Page MenuHomeSoftware Heritage

Performance tuning of zfs infrastructure
Closed, MigratedEdits Locked

Description

Our zfs deployment currently only uses rotative storage.

This is (very) suboptimal, and we get noticeable load issues and poor performance, for instance when doing I/O intensive tasks on the annex (the most glaring one being the nfs server becoming slow/unresponsive, which triggers icinga alerts on the reverse proxy).

This task will survey the current best practices for using faster storage in the performance-sensitive parts of ZFS (SLOG, L2ARC, ...) and come up with a few quotes to implement them.

Candidates for actual faster storage:

  • Intel Optane storage
  • PCIe NVMe storage
  • PCIe M.2 adapter + M.2 NVMe disks
  • SAS SSDs

References

About ZFS in general

About the ZFS Intent Log (ZIL), Separate/Secondary Intent Log (SLOG), and zfs sync flags

About SSDs with power loss protection

Event Timeline

olasd triaged this task as High priority.Aug 20 2019, 11:53 AM
olasd created this task.
olasd changed the task status from Open to Work in Progress.Aug 20 2019, 12:30 PM
olasd updated the task description. (Show Details)
olasd updated the task description. (Show Details)

have you made you mind on the storage model you want for this? Can we purchase a few of them any time soon?

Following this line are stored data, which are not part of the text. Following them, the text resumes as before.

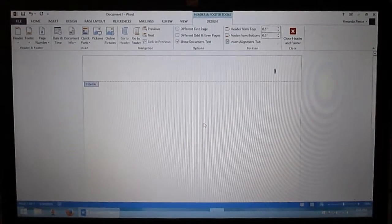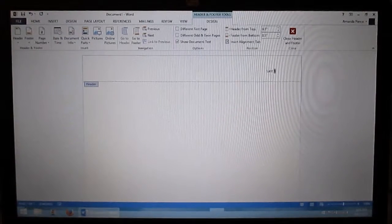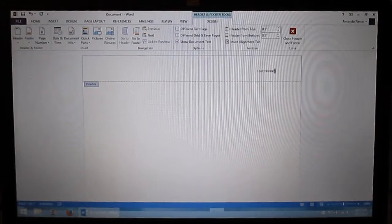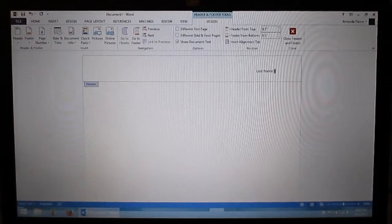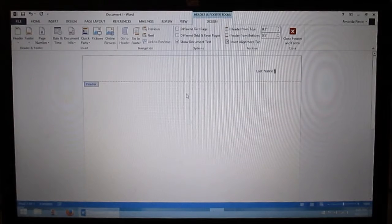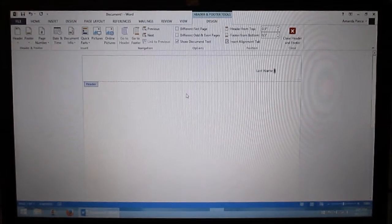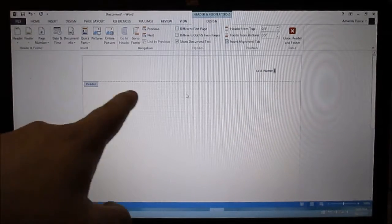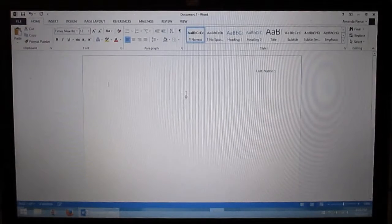Here you want to type in your last name. Once you have that you just double click below the header line. This is the header and header line. Double click here.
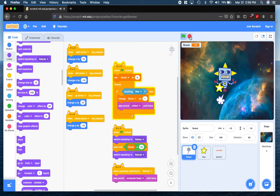So there you have it — that's how we can quickly create a very simple chase game, tally a score, level up, and switch backgrounds. That'll be it for this video. Thanks again for joining. Have fun with Scratch. And until next time, it's Mr. Benson signing off.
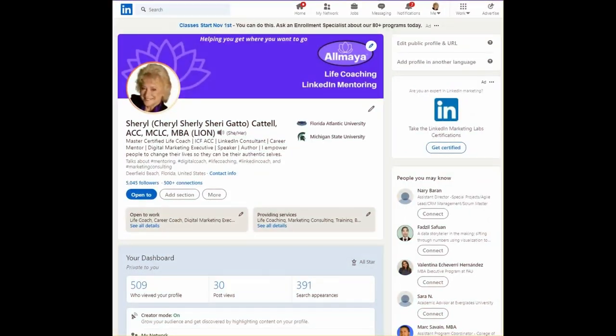Hello, my name is Cheryl Cattell, and welcome to today's LinkedIn Minute. I'm so glad you joined.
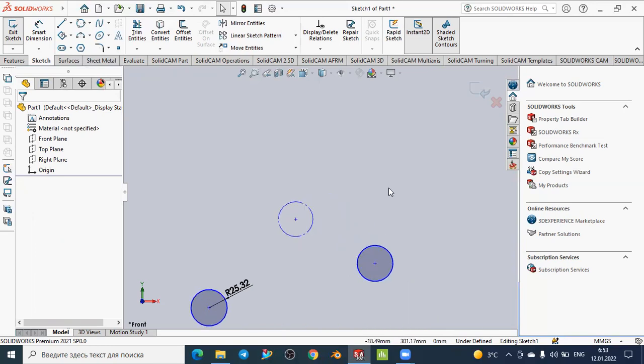Dear friends and subscribers, that is a brief introduction about how to create the circle sketch in the sketch environment. Follow our channel and we will see other stages and advanced levels of other options in SolidWorks in the near future.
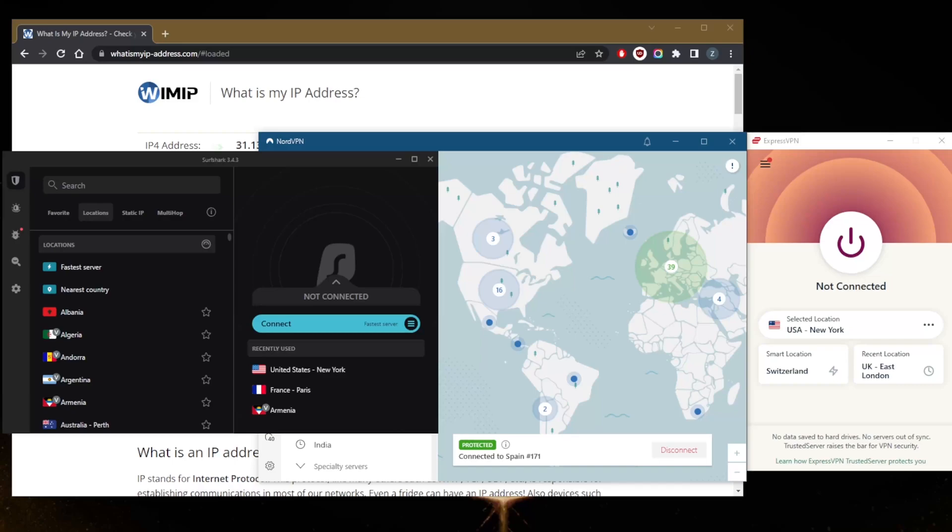IP address from the websites that you're accessing, maybe your ISP or internet service provider, your government, maybe you're just trying to secure your network when you're on public Wi-Fi, or you're just trying to access streaming services that may not be available in your location.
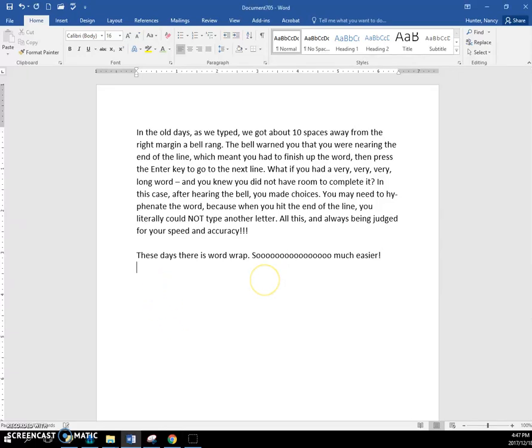So let's talk about word wrap. What is word wrap?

Interesting feedback on this post: https://www.ixsystems.com/community/threads/slog-benchmarking-and-finding-the-best-slog.63521/page-10#post-524412

This person is using their ZFS as a small file storage with mostly static files, which is quite similar to what we'll be doing.

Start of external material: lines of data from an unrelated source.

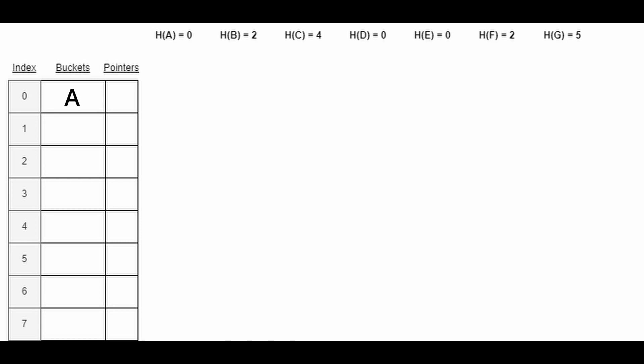When we insert B into the hash table, we successfully manage to add it at index 2. When we try to insert C, we successfully manage to insert it at index 4.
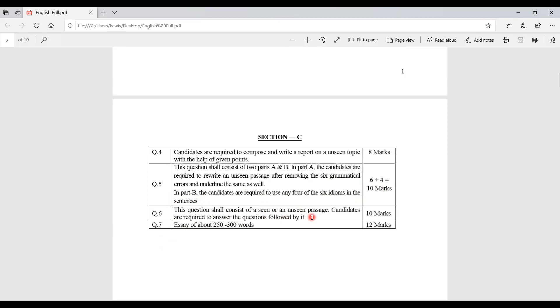Question 6 consists of a seen or unseen passage. Candidates are required to answer three questions, read the passage carefully, and answer at the end. Two questions carry two marks each. The last part requires writing a précis of the passage and giving it a suitable title, carrying 6 marks. Total for Question 6 is 10 marks.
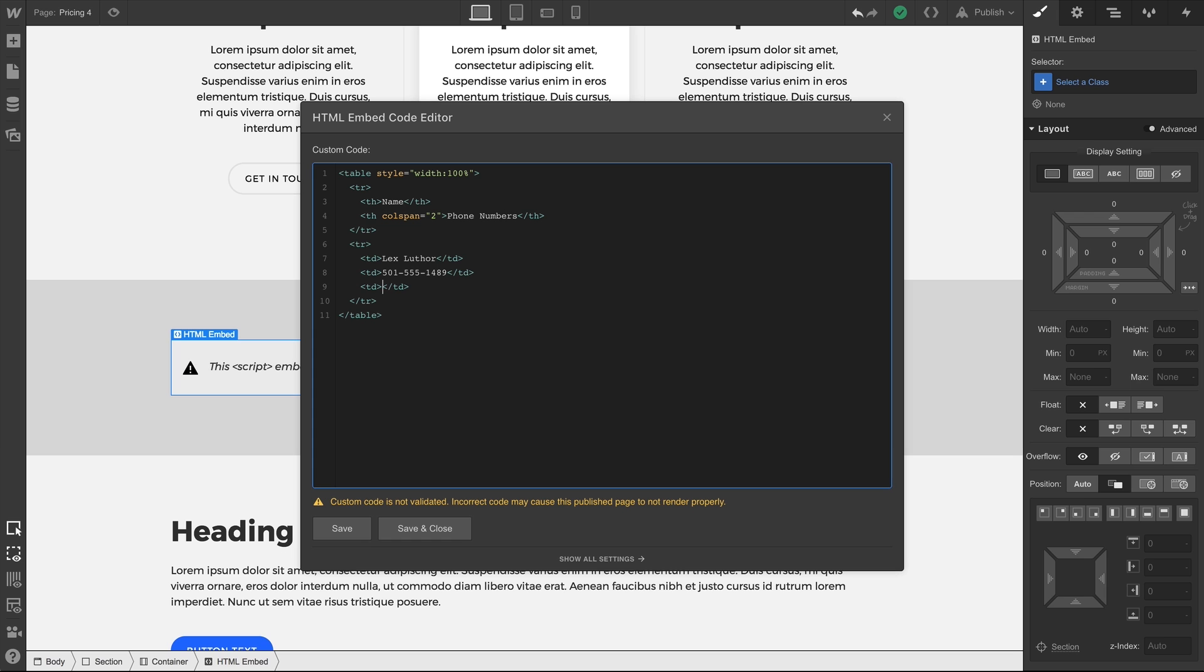That's a third-party embed. At any time, we can double-click the embed element to open the code editor. And of course, you can also use the same element for your own custom code.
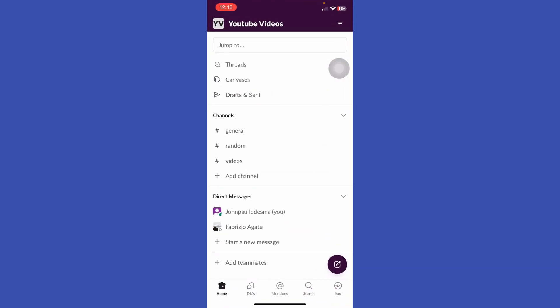We will be directed to the home page of Slack. Here we can see that there are YouTube Videos written at the top left corner of our screen, so that means that is the name of our workspace.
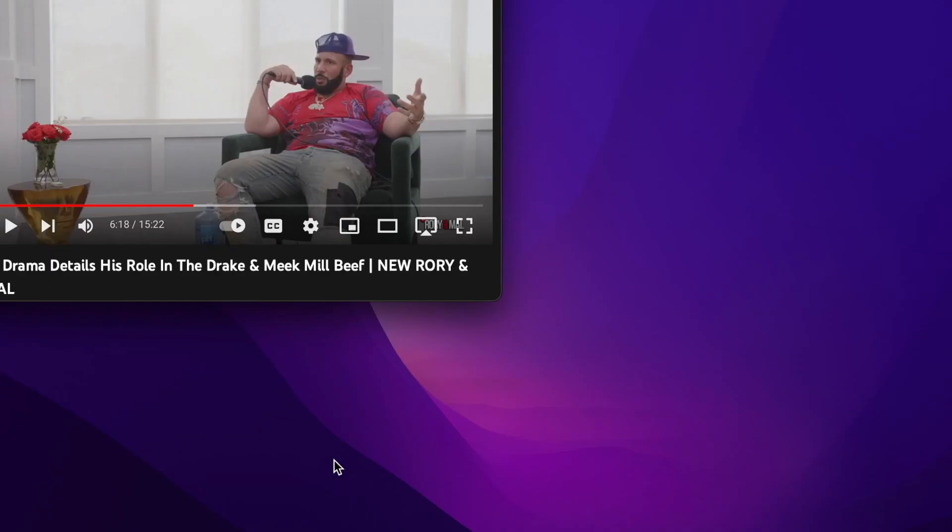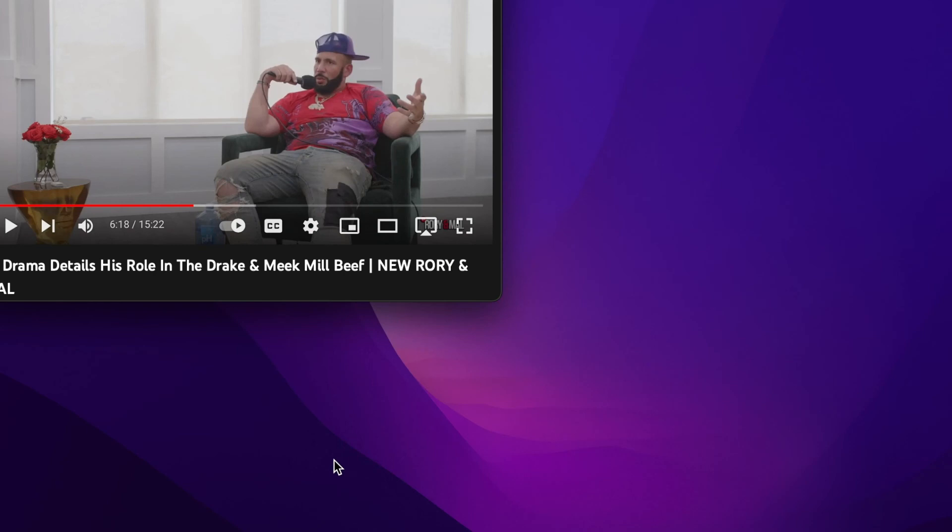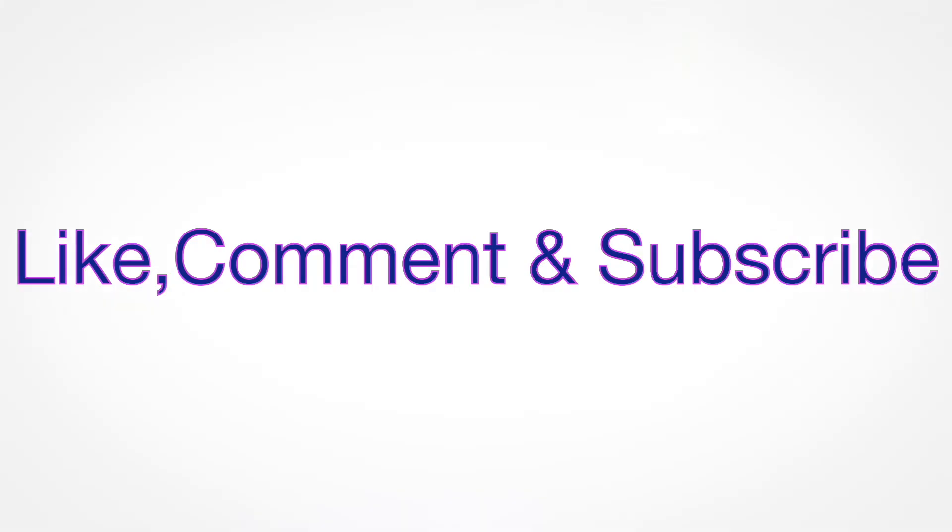Anyway, make sure to go and check the full interview with DJ Drama and Rory and Mal. I believe that Rory and Mal had the ability to ask more in-depth questions, but they chose not to or they're just not too good at interviewing at that time. He really opened up an opportunity for them to ask more. So check it out.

  • their SLOG is an Intel Optane drive (P4801x)
  • they use a metadata-only L2ARC cache on a consumer-grade Samsung 960 evo SSD disk

Both these drives use the m.2 form factor, for which we don't have any ports on uffizi currently.

I think we should go ahead with:

  • one HHHL (PCIe card) Intel Optane P4800x (The smallest, 375GB version will be sufficient); should be around 1200 EUR;
  • one PCIe card with M.2 slots (Asus Hyper M.2 x16 or equivalent); I've found prices between 100 and 400 EUR;
  • two consumer-grade NVMe disks for L2ARC cache (1 or 2TB each; e.g. Samsung 970 Evo); the 1TB drives retail for 200 EUR each.

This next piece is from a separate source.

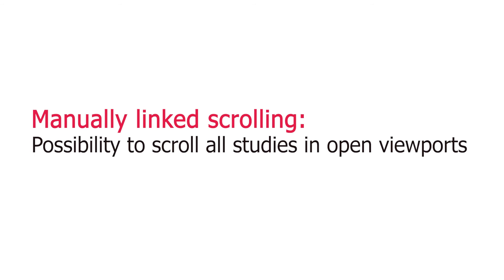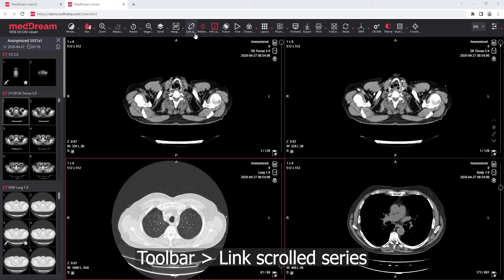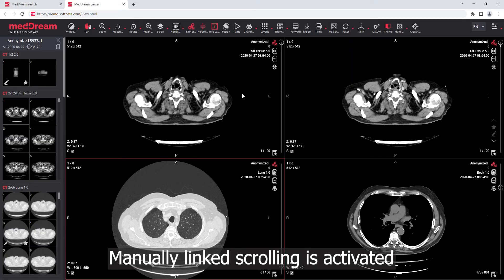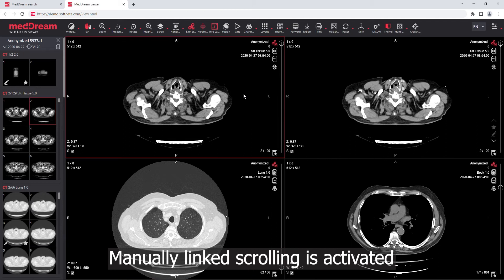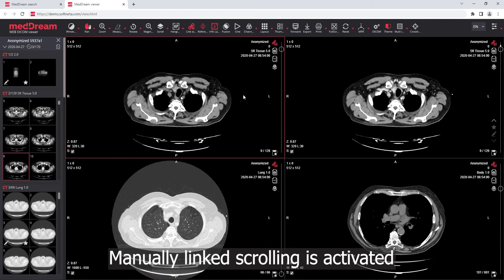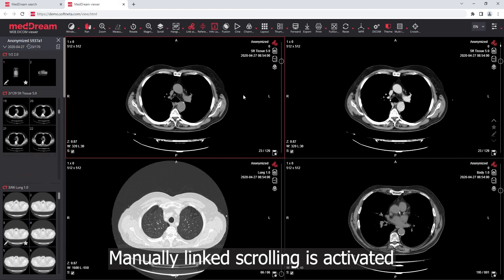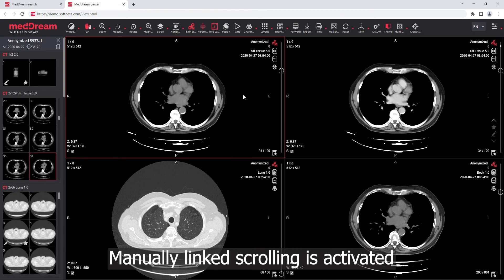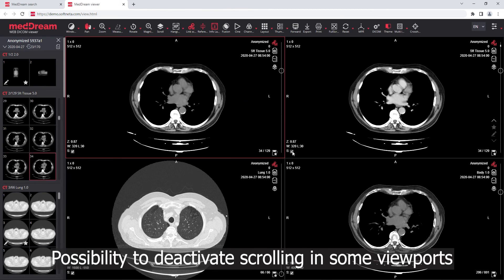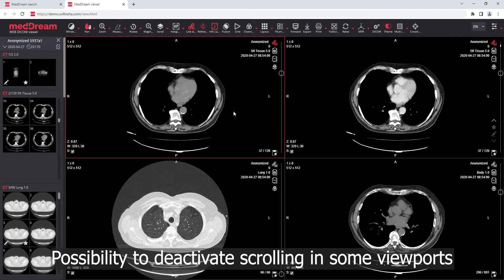Manually linked scrolling: possibility to scroll all studies in open viewports. Press the Link Scrolled Series button on the toolbar. Manually linked scrolling is activated. There is also a possibility to deactivate scrolling in some viewports.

I'll try to fish for a quote with known suppliers.

In T1958#36628, @olasd wrote:
  • one HHHL (PCIe card) Intel Optane P4800x (The smallest, 375GB version will be sufficient); should be around 1200 EUR;
  • one PCIe card with M.2 slots (Asus Hyper M.2 x16 or equivalent); I've found prices between 100 and 400 EUR;
  • two consumer-grade NVMe disks for L2ARC cache (1 or 2TB each; e.g. Samsung 970 Evo); the 1TB drives retail for 200 EUR each.

I'll try to fish for a quote with known suppliers.

The last 2 items (even together) can be directly bought asking reimbursement later—I can do it, if you need to speed things up.
The first item unfortunately is outside the maximum cost limit for that (800€).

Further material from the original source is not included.